Изольда же Ванчукова не слушала. Собственно, там и слушать-то было нечего. Обычное «вступительное», «вводное» переливание из пустого в порожнее. Вот когда начнётся индивидуальная работа, там уже совсем другое дело. Да и вообще, если честно, преддипломная практика Изу интересовала мало. За пять лет, десять семестров, она не получила ни одной четвёрки: круглая отличница. Однокурсники посматривали на бледную тощую девицу, с уложенной вкруг головы толстой чёрной косой, в потёртых мешковатых платьях и плохой обуви, как на откровенную сумасшедшую – с тех самых пор, как её любимыми предметами на младших курсах стали начертательная геометрия и сопротивление материалов. В инженерных вузах говорят: «Сдал сопромат – можешь жениться». А уж построение эпюр, так то и вовсе не для слабонервных.
Пегова же – и китайскую грамоту начерталки, и иезуитское издевательство сопромата, и все до единой металлургические химии – щёлкала как семечки. Чего уж тут говорить о курсах, имевших в себе хоть какую-то внутреннюю логику: теория металлургических процессов, печи, огнеупорные материалы, металлургия чугуна и стали, обработка металлов давлением, рентгенография и испытание металлов брались Пеговой вовсе не задницей, а головой. «Отлично», «отлично», «отлично»… Иза знала: после окончания её зачётку будут демонстрировать в институтском музее под стеклом. Мол, учитесь, как надо учиться, молодёжь.
Изольда уродилась умной.
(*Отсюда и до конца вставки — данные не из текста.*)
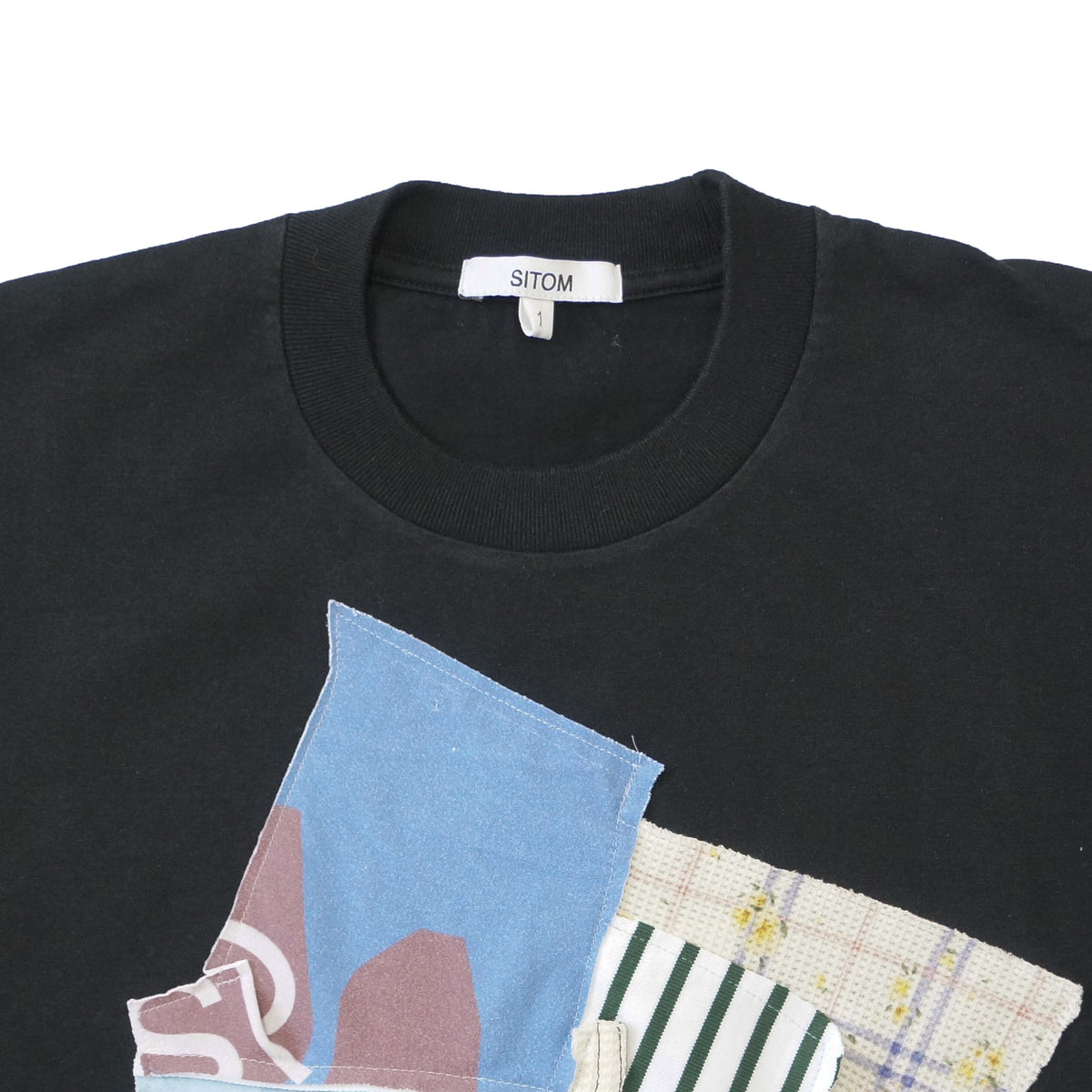Remake DCH Cotton Oversized T-shirt sitom-official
И в этом состояла её большая беда. Всякий раз, сдавая экзамен, получая отличную оценку, переходя с курса на курс, она задавала себе один-единственный вопрос: «Зачем?» Ответа у неё не было. Стоя за кульманом, или колдуя с пробирками за лабораторным столом, или скрипя авторучкой в лекционной аудитории, она не понимала, зачем она это делает. Знала одно: так надо. Почему? Потому что другого пути у неё не было. Никто не предложил никакого выбора. Всё жёстко: или туда, или никуда.
Изольда замечательно рисовала – это передалось от матери. Прекрасно играла на скрипке, чуть хуже на фортепиано – музыкальными способностями наградил отец. Она бы хотела заниматься тем и другим всегда, всю жизнь, потому что от запаха лака скрипичной деки и терпкого аромата канифоли гулко ухало сердце, мир останавливался и запускался заново лишь с первым движением смычка. Иногда Изольда следила за собой и не переставала удивляться: играла не она, играл кто-то другой. Рука на грифе и кисть со смычком двигались сами, они безо всякой девочки Изольды знали, как и что именно – единственно правильно – они должны делать, чтобы рождался звук: один, второй, третий; чтобы звуки не мешали друг другу; чтобы они превращались в прочную ажурную конструкцию, словно Эйфелеву башню, висящую в воздухе над Марсовым полем; из просто звуков становились целым, способным жить в сознании слушателя и тогда, когда музыка стихнет. В такие моменты Иза летела! Перед глазами яркими сполохами бежала партитура; из неё в сознание входили звуки, слышные одной только Изе, а спустя короткий миг, под невесомыми руками, они превращались в вибрацию струн и хор скрипичных дек.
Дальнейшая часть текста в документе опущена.